# Activity
Exactly as they appear, transcribe the entries and skip any pictures.

Image-caption web data
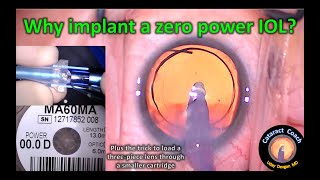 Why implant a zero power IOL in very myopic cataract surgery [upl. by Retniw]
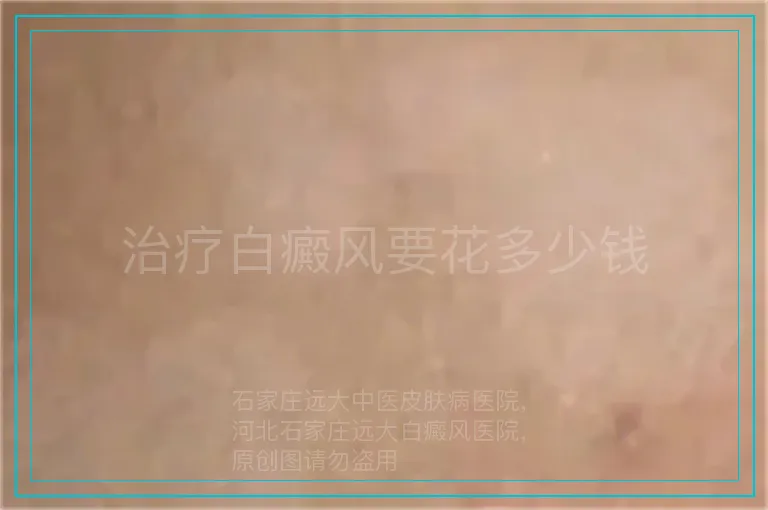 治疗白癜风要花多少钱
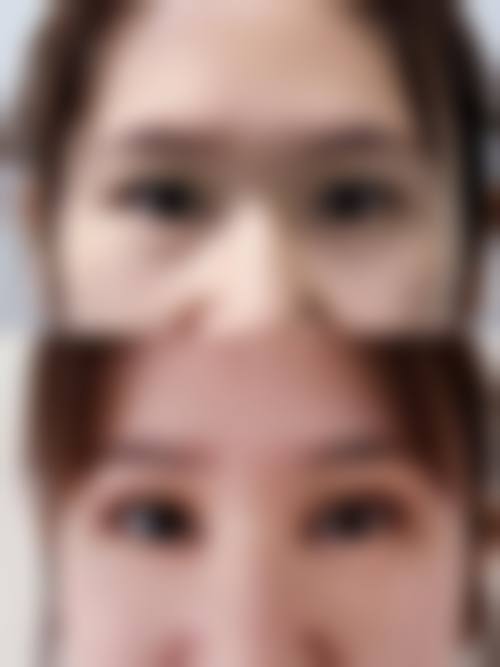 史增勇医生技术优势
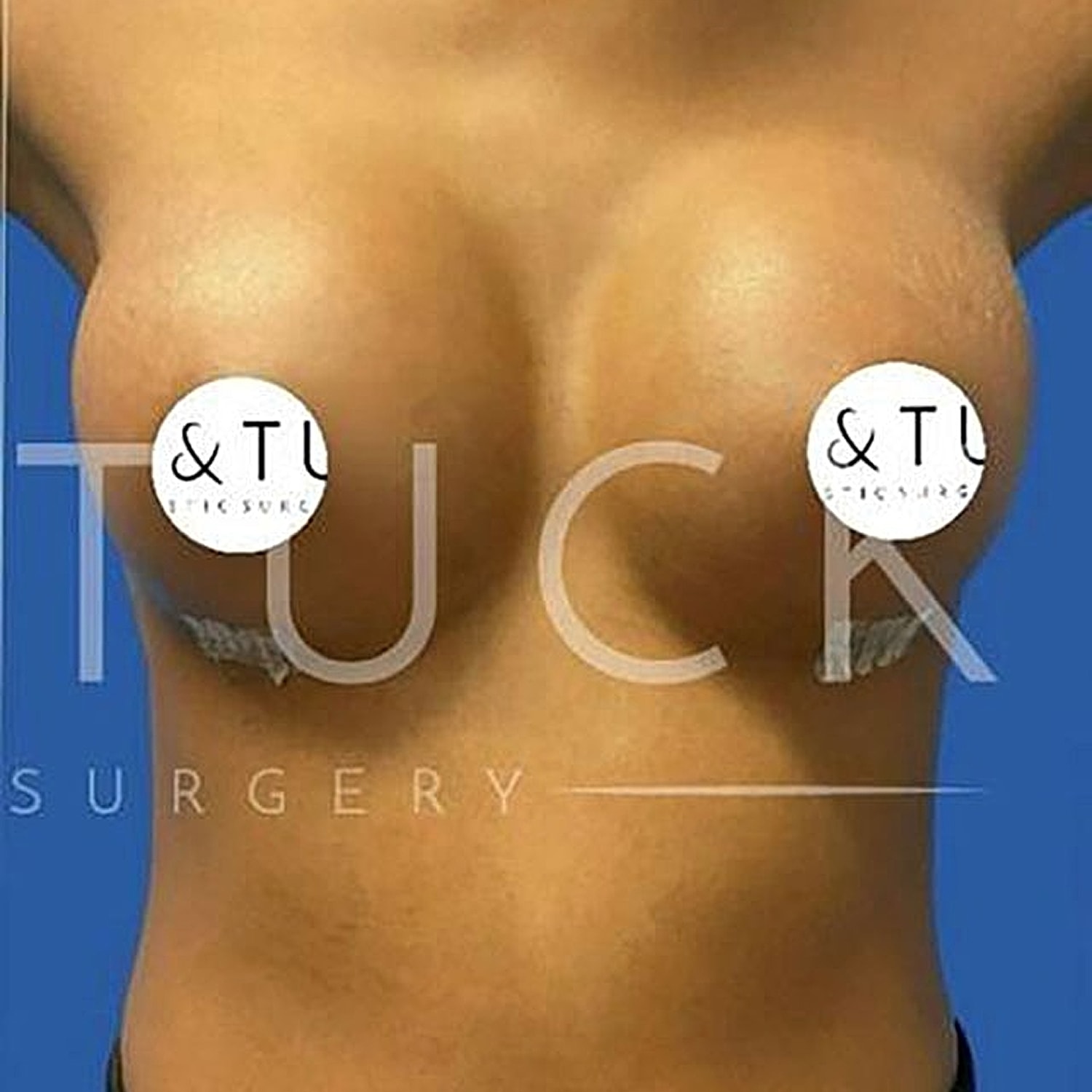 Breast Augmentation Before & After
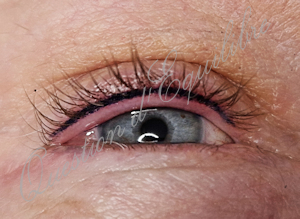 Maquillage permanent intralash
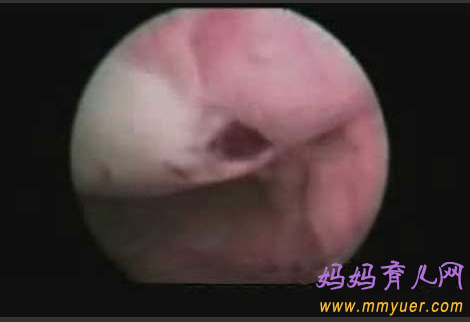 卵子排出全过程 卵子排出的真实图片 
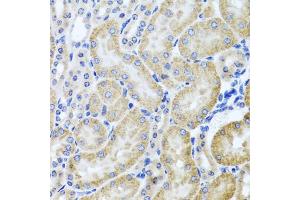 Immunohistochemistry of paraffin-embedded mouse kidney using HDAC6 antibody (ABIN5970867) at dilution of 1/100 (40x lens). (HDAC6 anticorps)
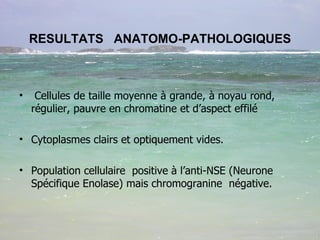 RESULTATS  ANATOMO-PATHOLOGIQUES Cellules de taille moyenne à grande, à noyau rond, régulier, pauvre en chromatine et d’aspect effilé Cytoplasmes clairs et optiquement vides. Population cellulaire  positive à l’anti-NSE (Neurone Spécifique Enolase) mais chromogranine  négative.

# Answer to this exercise
 Why implant a zero power IOL in very myopic cataract surgery [upl. by Retniw]
 治疗白癜风要花多少钱
 史增勇医生技术优势
 Breast Augmentation Before & After
 Maquillage permanent intralash
 卵子排出全过程 卵子排出的真实图片 
 Immunohistochemistry of paraffin-embedded mouse kidney using HDAC6 antibody (ABIN5970867) at dilution of 1/100 (40x lens). (HDAC6 anticorps)
 RESULTATS  ANATOMO-PATHOLOGIQUES Cellules de taille moyenne à grande, à noyau rond, régulier, pauvre en chromatine et d’aspect effilé Cytoplasmes clairs et optiquement vides. Population cellulaire  positive à l’anti-NSE (Neurone Spécifique Enolase) mais chromogranine  négative.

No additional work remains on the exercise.